5. Draw viewers in with catchy titles, then update them with SEO-friendly ones. Figuring out which titles get clicks is also a trial-and-error process. As a general practice, famous names, the word “new,” or leading questions work best. Power tip: Change your title to something more SEO-friendly after a week—this makes your video more discoverable in general search. Type in a product name or category, like “iPhone lens,” and the YouTube autofill results will give you a sense of common searches. Following this practice, we drive more than 20 percent of our views through search.
6. Don’t bury your links. Your description should be one sentence and include the link to your product page. People hardly ever click “see more” to read a long description.
7. Comment first. Always be the first to comment on your own video and ask the group a question. Then read through and reply to comments quickly for the first 48 hours that your video is up. This helps drive high engagement.
8. Share across platforms. Take your main video, make social teasers, and put those into all your other channels. You want those followers to click through and see the whole video on YouTube, so post 15-second snippets with clear calls to action.
9. Track your data. Your data will suck when you start, but creating a weekly process to review it is the only way you can improve. Which subjects received the most engagement? What types of sharing formats drove the most views? How can you do more of what’s working?
Make Calls to Action and Campaigns to Win Subscribers
Great videos alone don’t grow your channel. Gaining followers takes deliberate strategies. Here are a few that work for us.
1. Prompt your community to follow you. You have to ask your customers to follow your YouTube channel.

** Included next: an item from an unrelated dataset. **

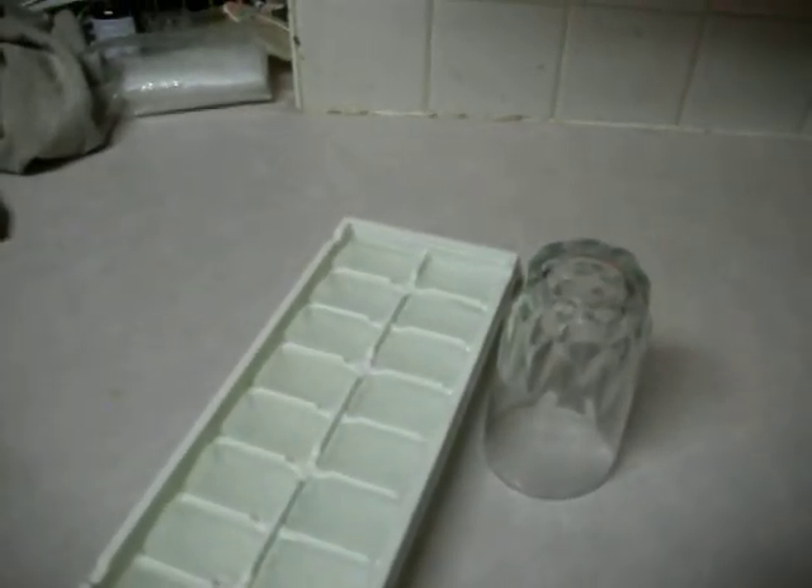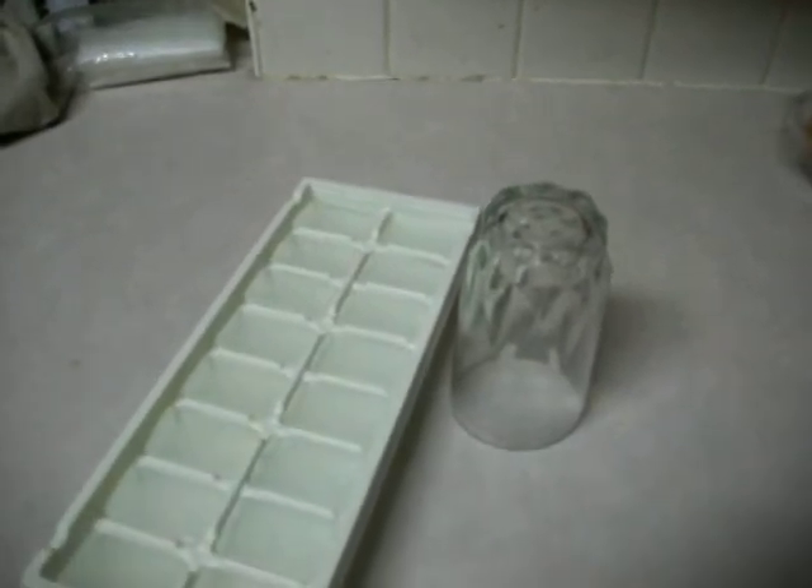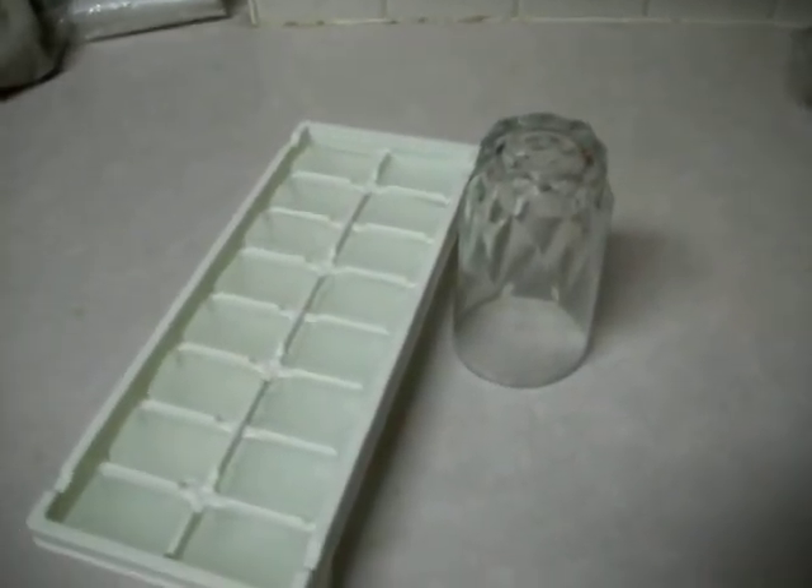Ice. Yup, I just broke up ice cubes and threw them in there. Put the glass upside down. Waited a few hours for the ice to melt. That's it.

Do this in emails, customer service communications, your website, and any place relevant to your brand.
2. Offer rewards. You can use promotions like a weekend hashtag competition or a photography contest to reward people for posting, commenting, or sharing. These are low-lift efforts that many audiences are willing to participate in an ongoing way. We use a social promotion platform called Gleam, which awards your community points for doing things such as following, subscribing, and sharing.
3. Experiment with giveaways. A few times a year, you can team up with a couple non-competing brands to offer bigger giveaways that will reach all your combined audiences. Make giveaways high quality and of value for your community.
4. Collaborate with other creators. Notice how vloggers help each other cross-share their work, visit each other in person, and appear in each other’s videos? Encourage your host to build similar relationships.
Have Patience: This Takes Time
Content works to reach new customers. It’s a long term game that takes time to build, but if you are committed to it, you can create a robust channel that drives predictable traffic. This path is more than just saying “We need videos.”